To the West.
Dec 23rd, 2009 by Duncan
Hello everyone, I have to report that the news on my knee is not good, which means my ability to get out and about, and incidentally the future of the blog is very uncertain. Consequently I will be posting some extracts from our 1990 trip to Western Australia to keep the ball rolling until the picture becomes a bit clearer. All the pictures are scanned from Kodachrome slides, and some like the Varied Sittella are greatly enlarged. I hope they will be of interest.
I’ll also take this opportunity to wish everyone a Happy Christmas, and hope that the New Year is all that you could wish for.
In the previous post I mentioned our trip to Western Australia. It happened in the spring, and of course the main focus by far was on the mind boggling flora display, and the hundreds of colour slides that came from that trip reflected our preoccupation with things botanical. However we weren’t blind to things avian, and at Eyre Bird Observatory we had a lot of fun watching the evening performances of the Major Mitchell Cockatoos when they came in for a drink from the water bowl.

The outstanding feature for us from a botanical point of view was seeing in their native habitat plants and trees that we had long admired and in some instances tried to grow.

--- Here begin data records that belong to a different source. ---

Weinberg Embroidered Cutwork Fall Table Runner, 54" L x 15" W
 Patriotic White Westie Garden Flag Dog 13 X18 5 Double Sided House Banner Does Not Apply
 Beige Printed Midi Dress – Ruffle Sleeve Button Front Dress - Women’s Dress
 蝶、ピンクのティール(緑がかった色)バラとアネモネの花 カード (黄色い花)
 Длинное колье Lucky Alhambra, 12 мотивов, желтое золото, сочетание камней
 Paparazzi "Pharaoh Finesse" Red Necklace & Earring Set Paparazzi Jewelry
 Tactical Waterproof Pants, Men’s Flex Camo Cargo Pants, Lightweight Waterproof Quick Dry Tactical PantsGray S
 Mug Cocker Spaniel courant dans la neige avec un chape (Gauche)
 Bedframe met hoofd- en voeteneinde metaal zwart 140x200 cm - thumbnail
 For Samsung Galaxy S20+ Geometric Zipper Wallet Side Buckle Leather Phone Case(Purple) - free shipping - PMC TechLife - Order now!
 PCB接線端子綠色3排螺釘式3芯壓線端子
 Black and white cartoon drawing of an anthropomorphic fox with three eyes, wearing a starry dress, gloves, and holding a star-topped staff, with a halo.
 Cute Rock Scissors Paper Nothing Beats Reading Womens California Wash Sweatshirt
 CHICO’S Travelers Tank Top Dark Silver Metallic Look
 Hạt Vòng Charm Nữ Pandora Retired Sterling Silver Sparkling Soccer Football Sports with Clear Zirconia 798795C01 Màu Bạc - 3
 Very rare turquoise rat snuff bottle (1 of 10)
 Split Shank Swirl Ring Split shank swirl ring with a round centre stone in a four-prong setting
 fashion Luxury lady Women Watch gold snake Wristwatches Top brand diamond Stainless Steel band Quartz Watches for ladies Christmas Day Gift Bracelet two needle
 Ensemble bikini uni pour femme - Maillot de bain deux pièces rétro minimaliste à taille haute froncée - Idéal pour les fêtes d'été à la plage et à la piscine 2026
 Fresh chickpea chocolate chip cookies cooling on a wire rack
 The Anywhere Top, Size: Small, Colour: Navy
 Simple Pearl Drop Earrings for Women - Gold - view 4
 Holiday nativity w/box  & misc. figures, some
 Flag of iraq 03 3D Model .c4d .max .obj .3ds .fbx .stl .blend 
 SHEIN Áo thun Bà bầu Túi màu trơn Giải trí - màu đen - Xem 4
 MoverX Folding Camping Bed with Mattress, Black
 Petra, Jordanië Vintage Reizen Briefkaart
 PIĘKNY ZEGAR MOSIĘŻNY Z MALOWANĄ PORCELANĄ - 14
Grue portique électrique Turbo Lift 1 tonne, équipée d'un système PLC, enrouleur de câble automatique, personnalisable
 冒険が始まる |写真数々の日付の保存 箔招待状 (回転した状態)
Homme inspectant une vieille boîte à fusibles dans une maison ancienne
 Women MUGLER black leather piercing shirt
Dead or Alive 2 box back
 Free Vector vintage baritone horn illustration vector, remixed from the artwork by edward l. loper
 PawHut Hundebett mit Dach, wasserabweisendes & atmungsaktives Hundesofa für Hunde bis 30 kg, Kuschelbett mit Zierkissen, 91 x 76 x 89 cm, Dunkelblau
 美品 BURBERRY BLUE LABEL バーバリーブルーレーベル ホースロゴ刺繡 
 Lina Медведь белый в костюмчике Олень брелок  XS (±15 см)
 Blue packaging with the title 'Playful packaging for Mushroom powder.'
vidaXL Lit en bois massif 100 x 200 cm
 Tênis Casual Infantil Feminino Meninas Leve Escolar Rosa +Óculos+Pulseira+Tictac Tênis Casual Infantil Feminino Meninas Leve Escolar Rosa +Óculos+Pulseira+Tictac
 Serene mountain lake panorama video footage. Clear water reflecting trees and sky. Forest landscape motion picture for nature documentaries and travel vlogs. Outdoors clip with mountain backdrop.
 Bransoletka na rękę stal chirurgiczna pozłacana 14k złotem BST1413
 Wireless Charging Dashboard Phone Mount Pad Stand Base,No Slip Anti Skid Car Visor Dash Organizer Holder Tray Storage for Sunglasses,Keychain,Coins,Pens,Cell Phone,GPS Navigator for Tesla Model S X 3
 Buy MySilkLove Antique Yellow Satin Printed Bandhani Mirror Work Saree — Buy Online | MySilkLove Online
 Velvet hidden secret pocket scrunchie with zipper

The 700K run from Eyre to Esperance was a long, long day due to the fact that we stopped and reversed so many times to look, photograph, and sometimes touch, as in the case of the Gimlet Gums. Who could resist running their hands along the smooth spirally twisted trunks.
And then when we were crossing the Fraser Range, making jokes about how we should find something good in a place named after us, we found a beautiful fan flower, Scaevola oxyclona. What a striking plant, a mounded plant of about a metre spread covered with flowers.

One of our first bird ticks came from a little patch of bush at Esperance. Banksias were in flower and male and female Western Spinebills were flitting everwhere. I photographed the banksias of course, but the spinebills were far too quick. The Stirling Ranges gave us quite a few more lifers, including Brown Honeyeater, Square-tailed Kite, Western Rosella, Red-capped Parrot, Rufous Treecreeper, White-tailed Black Cockatoo species, and the western race of the White-naped Honeyeater with the white eye crescent. We also had our first look at the wonderfully camouflaged nest of the Varied Sittella, cunningly situated in a fork and virtually impossible to spot without seeing one of the parents flying to it.